Revision history for this message
Ken Harris (kengruven+lp) wrote :

Hmm, I see your point. I'd like to suggest a third possible option.

The Unicode standard has another flag on each character: Hex_Digit. This includes characters like FULLWIDTH_DIGIT_TWO and FULLWIDTH_LATIN_CAPITAL_LETTER_A, but not FEMININE_ORDINAL_INDICATOR or SUPERSCRIPT_TWO.

[http://en.wikipedia.org/wiki/Unicode_numerals#Hexadecimal_digits]

I don't know the exact definition of this flag, but it seems to me to be things which a user might reasonably use as hex digits, without either trying to be either super-tricky (and throwing weird numerals at us), or needing to change keyboard layouts (in order to get pure-ASCII from their number keys).

The big upside (and the reason that Unicode provides these properties, I believe) is that a user with a Japanese/Chinese/Korean keyboard setting can press the key marked "5" on their keyboard, and their software will recognize the fullwidth digit as the digit 5, even though it's not ASCII "5". It also means we only need to add the 16 "Fullwidth Form" digits, and don't need to do any decomposition.

The only downside I see is that this doesn't really scale beyond radix=16, but I think that allowing the Unicode Hex_Digit set up to hex, and then only ASCII for "g"/"G" through "z"/"Z" would be a fair compromise.

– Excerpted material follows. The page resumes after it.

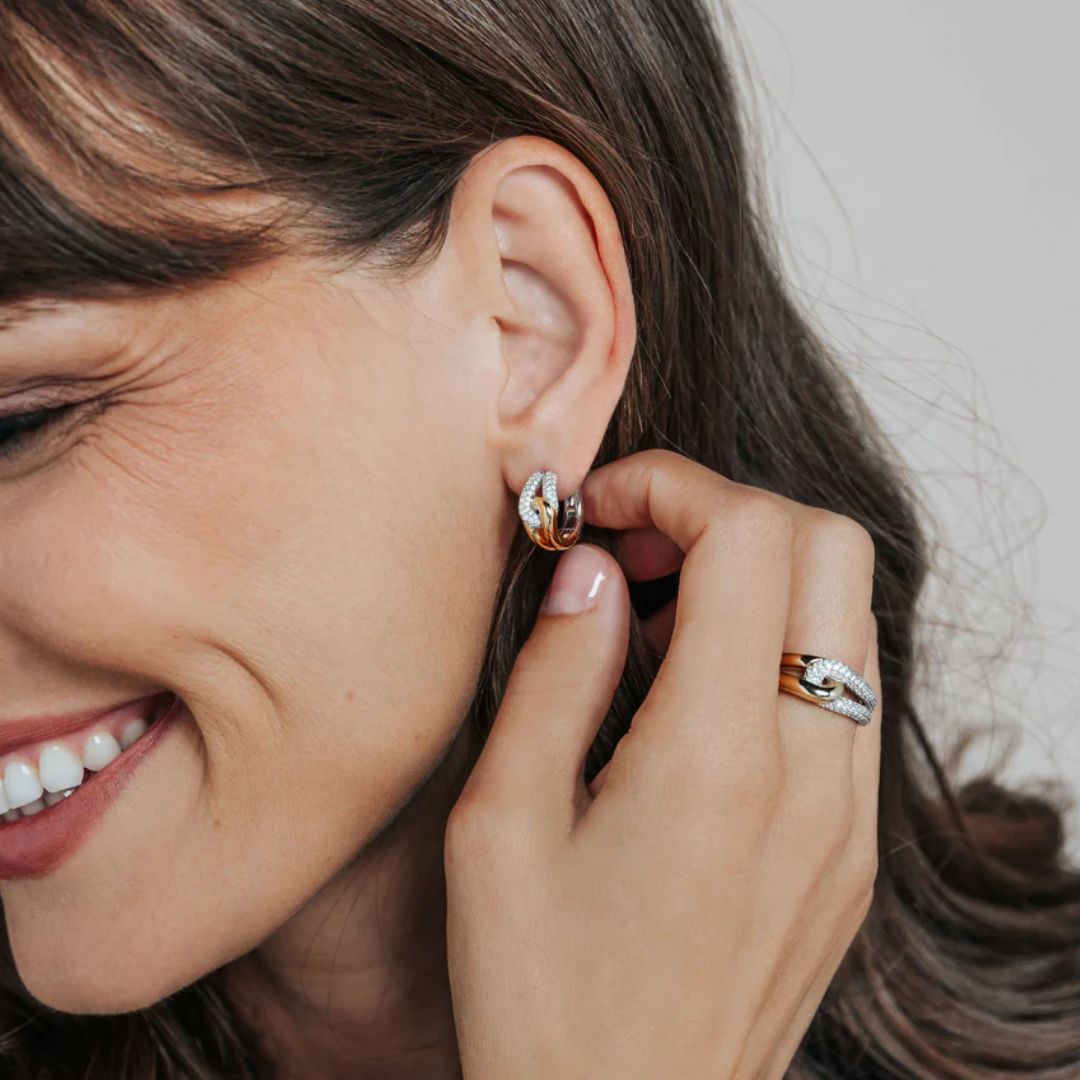 TI SENTO rengaskorvakorut, keltakullattua hopeaa ja zirkonit, 78033ZY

I don't think I've ever actually seen a program that relied on parsing numbers of radix higher than 16, using the 0-9,A-Z set. (There's Base-64 encoding, but that uses a different ordering, and is case-sensitive, and adds other symbols at the end -- you can't use Common Lisp's numeric reading/printing support for that, anyway, no matter what we choose here.) Clearly it can't be that important to support Unicode decomposition out there, since SBCL has never supported non-ASCII letters for this.

I would be perfectly happy saying that G-Z radix support is ASCII-only, to meet the specification, and radix<=16 also works with the 16 Unicode fullwidth forms.